To illustrate, we have what appears to be a photograph of a ghost. (If you are familiar with this photo, bear with me) Some may say that it’s clearly photoshoped, others might claim that it’s a case of pariedolia caused by a spider/ tent caterpillar’s web or a plume of smoke, and others may very well believe that this is a genuine full- bodied apparition.
Now without the remaining photos from this set, any of the above explanations are as good as the next, though some are more likely than others, yet none of the above are correct, as seen below:
These types of knee- jerk assumptions have become all too routine and they often result in vain dismissal, but does the end justify the means? Is a half -assed solution justified so long as you can cry “debunked” at the end of the day?

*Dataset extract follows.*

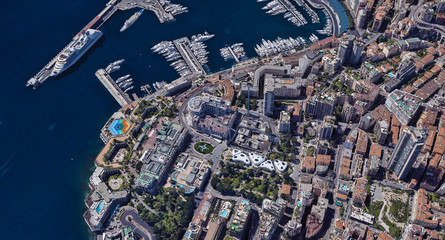 Monaco coast on the Mediterranean sea from the height of a drone flight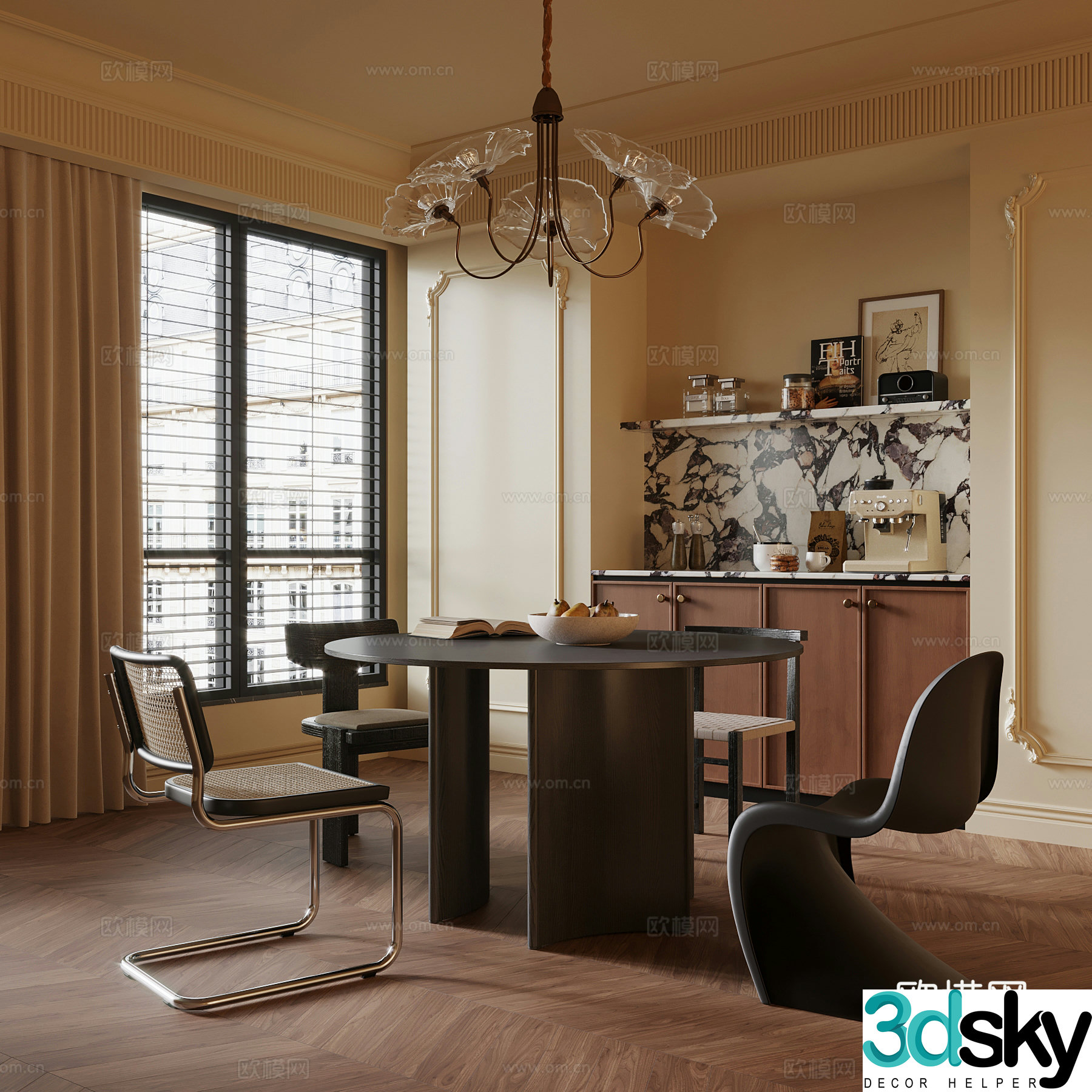 French restaurant dining table and chair chandeliers sideboard 3d model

The fact of the matter is, with most cases, after- the- fact analysis is insufficient. Incidents of alleged paranormal activity occur in uncontrolled environments with innumerable variables to account for. The idea of ruling out the ordinary, thereby leaving the extraordinary doesn’t logically work. To make a claim from either perspective is simply speculation without proper evidence to support that claim. Most cases will eventually have to boil down to what is “most likely” and mundane explanations will always trump supernatural ones. If you favor the supernatural solution, then the burden of proof lies on you to prove it and if we skeptics ask for conclusive proof then we owe it to the rest of the crowd to give the same.